Então, como alguém que tem entre as suas paixões a exploração espacial, resolvi tomar coragem e ir a uma exposição sobre o tema (a coragem, neste caso, foi necessária para conseguir encaixar no orçamento o preço do ingresso, que embora tivesse valido cada real investido, poderia ser proibitivo em outros tempos).

A sensação de surpresa e de incredulidade não se deviam apenas a grandiosidade da exposição – havia réplicas em tamanho real do foguete Saturno V, do módulo de pouso Eagle, de rovers e de tantos outros objetos que fizeram parte das missões Apollo: elas eram geradas especialmente pelos detalhes que iam além dos objetos.

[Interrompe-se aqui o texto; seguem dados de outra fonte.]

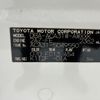 toyota rav4 2010 CFJ1837523 image 34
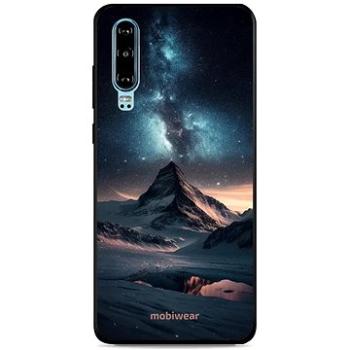 Mobiwear Glossy lesklý pro Huawei P30 - G006G (5904808517591)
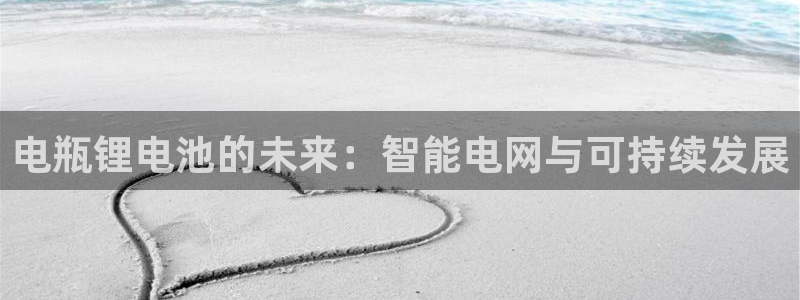 okpay钱包官网下载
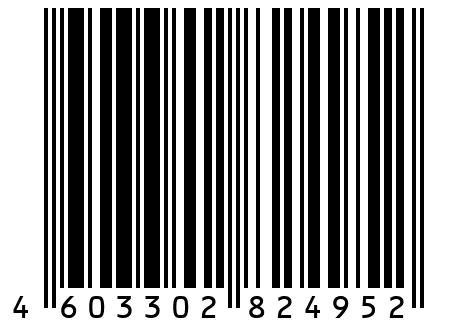 Суппорт тормозной задний (d=155)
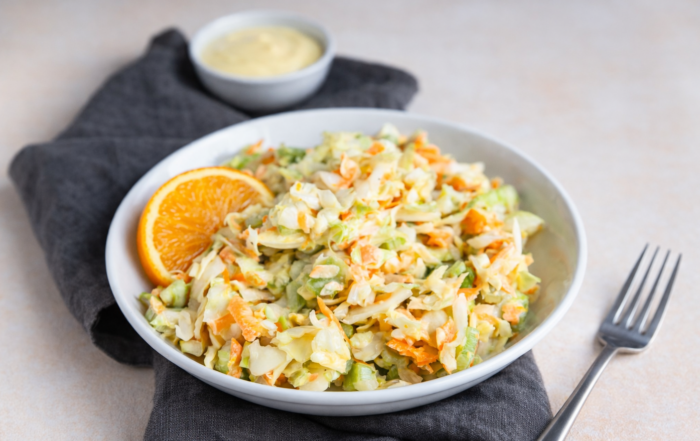 coleslaw-sedano-maionese-arancia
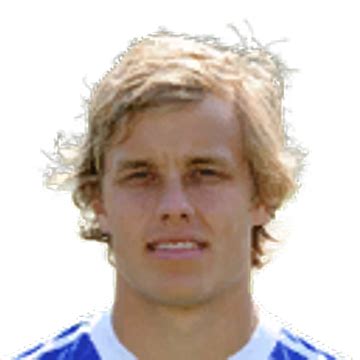 Teemu Pukki FIFA 13 Aug 31 2012 SoFIFA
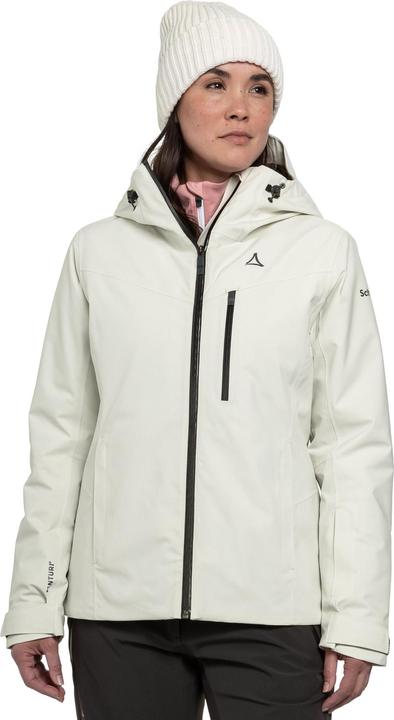 Actual product image Schöffel Women's Jacket Nollen (38)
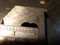 Waukesha 1005-0216F 2-1/4" 2.25" Spade Drill Insert: AMEC Series D HSS - WORKHOLDING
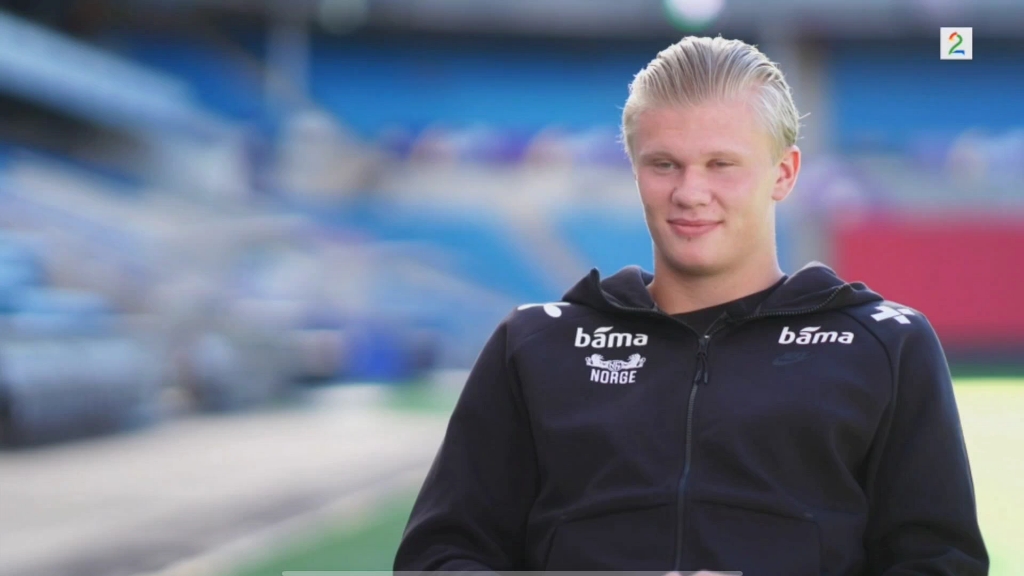 欧冠：拜仁慕尼黑胜里斯本竞技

Por exemplo, o primeiro astronauta dos Estados Unidos, Alan Shepard, vivenciou uma situação relativamente constrangedora: o design de seu traje espacial não continha nenhum reservatório para urina ou fezes, já que a missão, a princípio, seria de alguns minutos em órbita da Terra. O problema é que os preparativos para o lançamento, que já são demorados por si só, levaram ainda mais tempo. E claro, a natureza chamou o astronauta, que não teve alternativa senão se aliviar no próprio traje. Nas missões seguintes, já com esse feedback em mãos, os engenheiros da NASA tentaram uma solução nem um pouco trivial: uma fralda emborrachada – que, como você deve imaginar, trouxe ainda mais problemas quando os efeitos de atração gravitacional diminuíram o suficiente para tudo flutuar pelo espaço.

O chamado “efeito tripa” é a grande dor de cabeça para uma exploração espacial. Humanos tem sistema fisiológico, pensam e não necessariamente sabem o que fazer com essas duas coisas. Então, planejar uma viagem espacial é, essencialmente, planejar a sobrevivência, o cuidado com outro membro da espécie enquanto ele estiver longe o suficiente para conseguir fotografar o nosso planeta de corpo inteiro. E isso passa por pensar as tecnologias embarcadas. Cada uma delas, inclusive.

Todo mundo vive uma epopeia pessoal digna da coragem dos exploradores espaciais. É bom recordar daqueles que torcem enquanto construímos, testamos e viajamos em nosso foguete.